Зима в Мадриде

22
18
20
22
24
26
28
30

— Нет. Никого. Совсем никого.

— Простите мне этот вопрос. Я, должно быть, показалась вам нахалкой. Вы, наверное, считаете, что испанские женщины не должны задавать такие вопросы.

— Я не против откровенных разговоров. — Гарри посмотрел в ее большие карие глаза. — На контрасте, в посольстве они вовсе не приняты. Пару недель назад я был на приеме у одного министра из правительства, его дочери исполнилось восемнадцать. Официоз был удушающий. Бедная девочка.

— Я из другой среды, — заметила София, выпустив клуб дыма.

— Да?

— Республиканской. Мой отец и его родители были республиканцами. Для богатых иностранцев Испания — это древние церкви, коррида и женщины в кружевных мантильях, но тут есть и совсем другие традиции. В моей семье к женщинам относились на равных. Меня растили в убеждении, что я ничем не хуже любого мужчины. По отношению к матери отец держался старомодных представлений, но у него, по крайней мере, хватало такта иногда их стыдиться.

— Чем он занимался?

— Работал на складе. По многу часов за гроши, как и я.

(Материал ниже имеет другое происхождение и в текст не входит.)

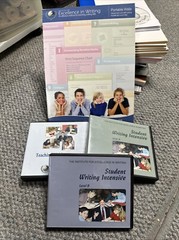 IEW Student Writing Intensive Course Level Group A, Level B, Teaching Writing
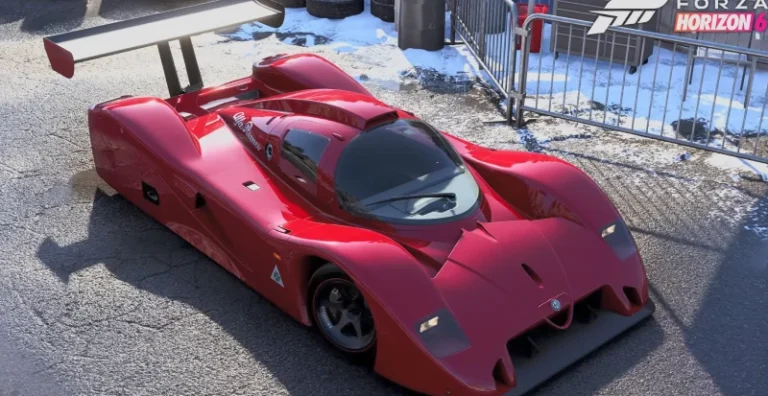 Forza Horizon 6 necesita recuperar la progresión perdida 1 alfa romeo se 048sp en forza horizon 6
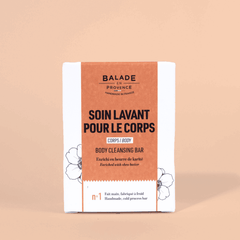 Savon Corps Fleur d'Oranger - 80g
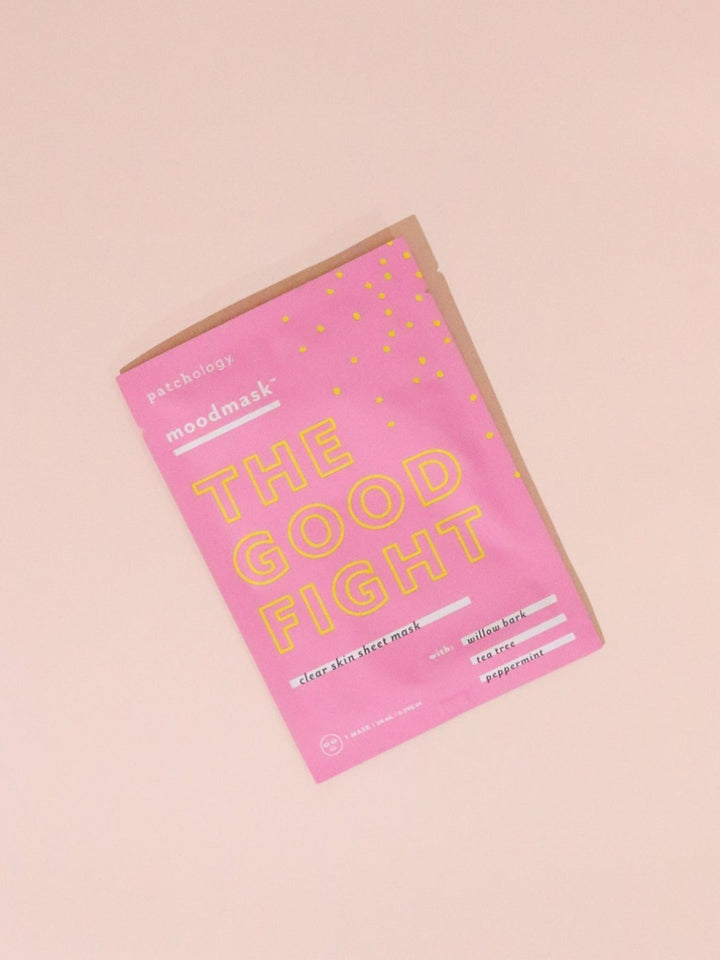 The Good Fight Sheet Mask - Heyday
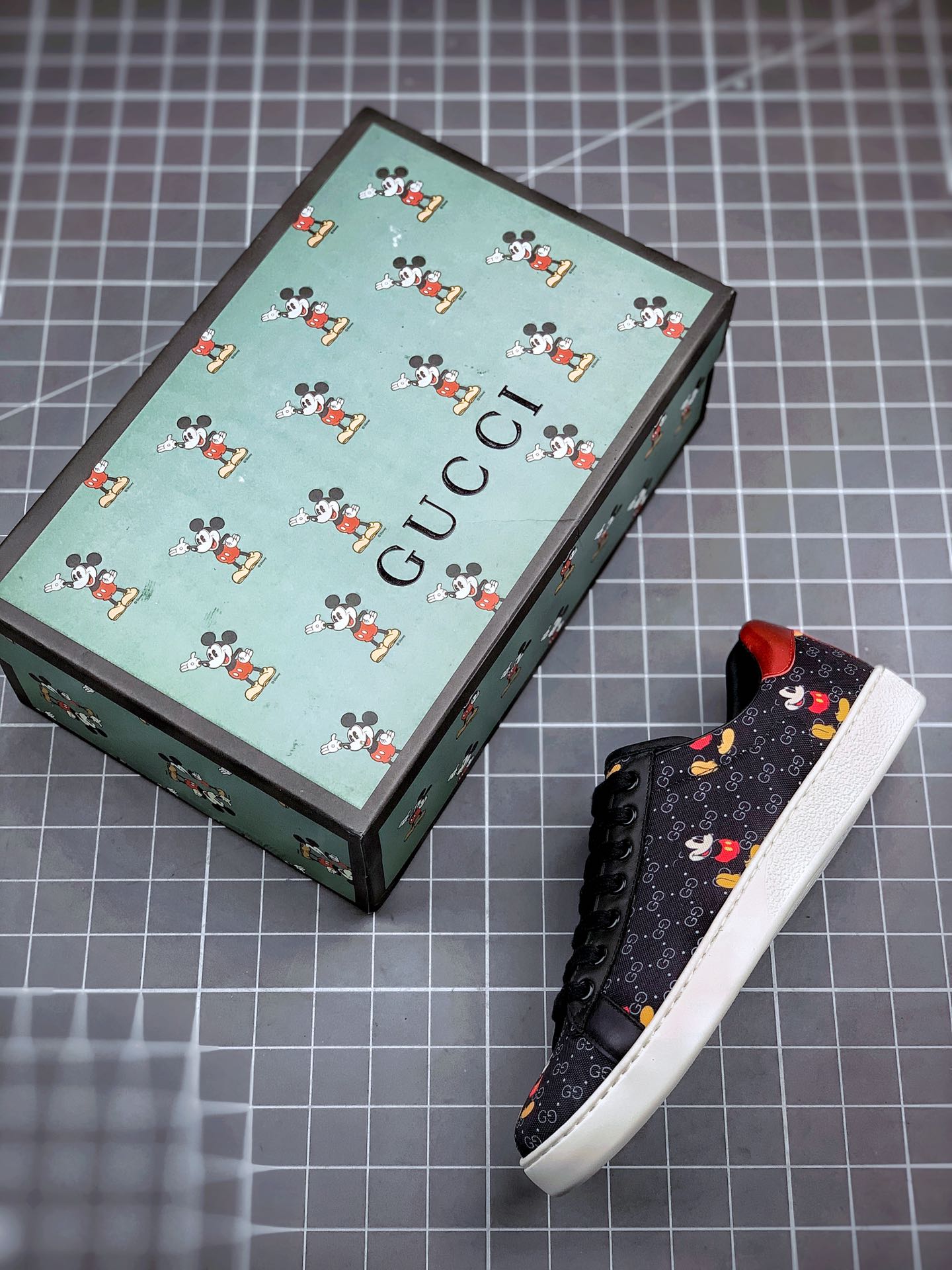 230 原装海淘平台专供 渠道正品订单 Gucci 古驰小白鞋系列 全配色出击 市场独家高端无胶工艺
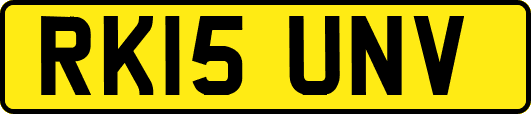 RK15UNV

— Думаю, семья, с которой я познакомился, когда был здесь в тридцать первом, держалась тех же традиций. Хотя тогда я видел все под другим углом.

Он вспомнил рассказ Барбары про Кармелу и ее ослика.

— Вам, видно, нравились эти люди, — сказала София.

— Да, они были очень хорошие. — Гарри улыбнулся. — А ваши родные, они были социалисты?

София покачала головой:

— У нас были друзья-социалисты. И анархисты. И левые республиканцы. Но не все вступали в какую-нибудь партию. В партиях толковали про утопии, коммунистическую ли, анархическую, но большинство людей хотят только мира, хлеба на каждый день и уважения к себе. Разве не так?

— Так.

София подалась вперед, в упор глядя на Гарри:

— Вы не понимаете, что значил для таких людей, как мы, приход Республики. Мы вдруг стали значимы. Я получила место в медицинской школе. Мне приходилось учиться и работать в баре, но у всех было столько надежд, наконец настали перемены, появился шанс на достойную жизнь. — Она улыбнулась. — Простите, сеньор Бретт, что-то я разболталась. Мне не часто выпадает шанс поговорить о тех временах.

— Не извиняйтесь. Мне так легче понять.

— Понять — что?

— Испанию… — Он замялся. — Вас.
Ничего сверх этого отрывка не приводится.